So many issues that arise in today’s political environment trace their way back to the United States Senate, either party.
The reason we have Confederate named bases and monuments and have had Confederate named ships is do to the longstanding tyranny of the minority. From the time following the end of Reconstruction until 1975, when the requirement for cloture was reduced from 67 to 60 votes, the Southern Senators generally had a working veto over Senate legislation. Thus they could force provisions requiring base and ship naming into legislation and many executive branch officials in that period were sympathetic to the south. Not to mention that the Senate blocked anti-lynching legislation.

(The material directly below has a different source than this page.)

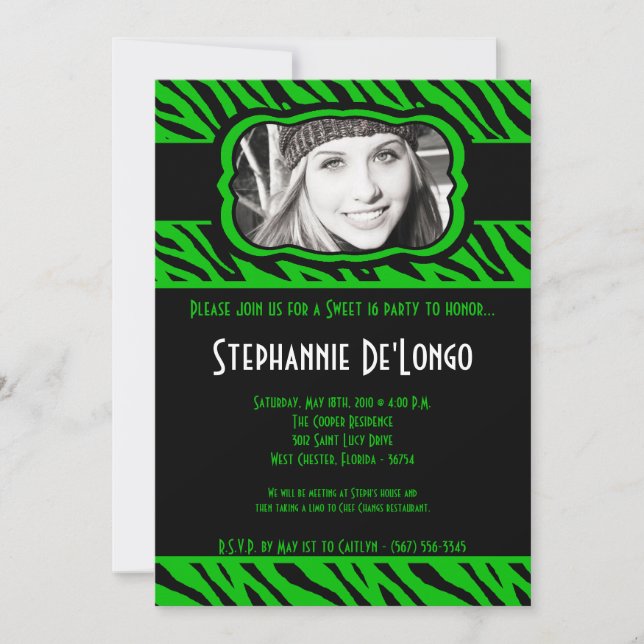 5x7 Green Zebra PHOTO Sweet 16 Birthday Invitation (Front)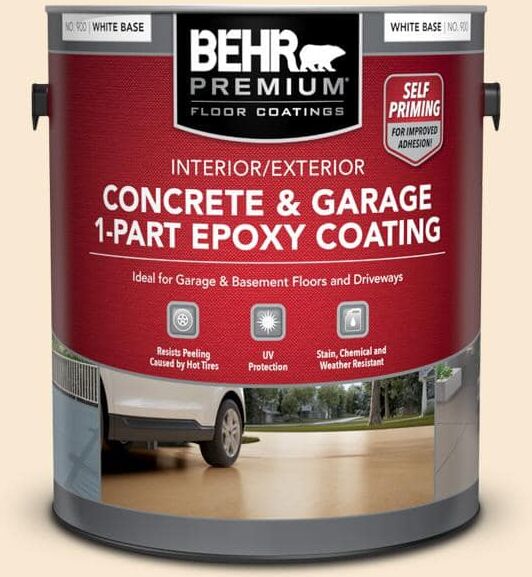 BEHR PREMIUM 1 gal. #OR-W05 Almond Milk Self-Priming 1-Part Epoxy Satin Interior/Exterior Concrete and Garage Floor Paint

EDIT: Just noticed and corrected a glaring error in the above post. I meant to put minority and put majority, which drastically changes the whole meaning of the post. Now fixed.
landlords have been continuously filling eviction paperwork in the courts during this entire time, just waiting for them to resume. its going to be an avalanche come Monday
I am EXTREMELY happy that I unloaded a couple of rental houses last year that I owned up in Pennsylvania.
I frankly feel as sorry for many landlords as I do for the tenants.
Yes, it sucks being evicted.
But from the landlords point of view, property taxes and expenses don’t stop because a unit is vacated and when a non-paying eviction protected tenant occupies a unit, the landlord is basically ■■■■ out of luck.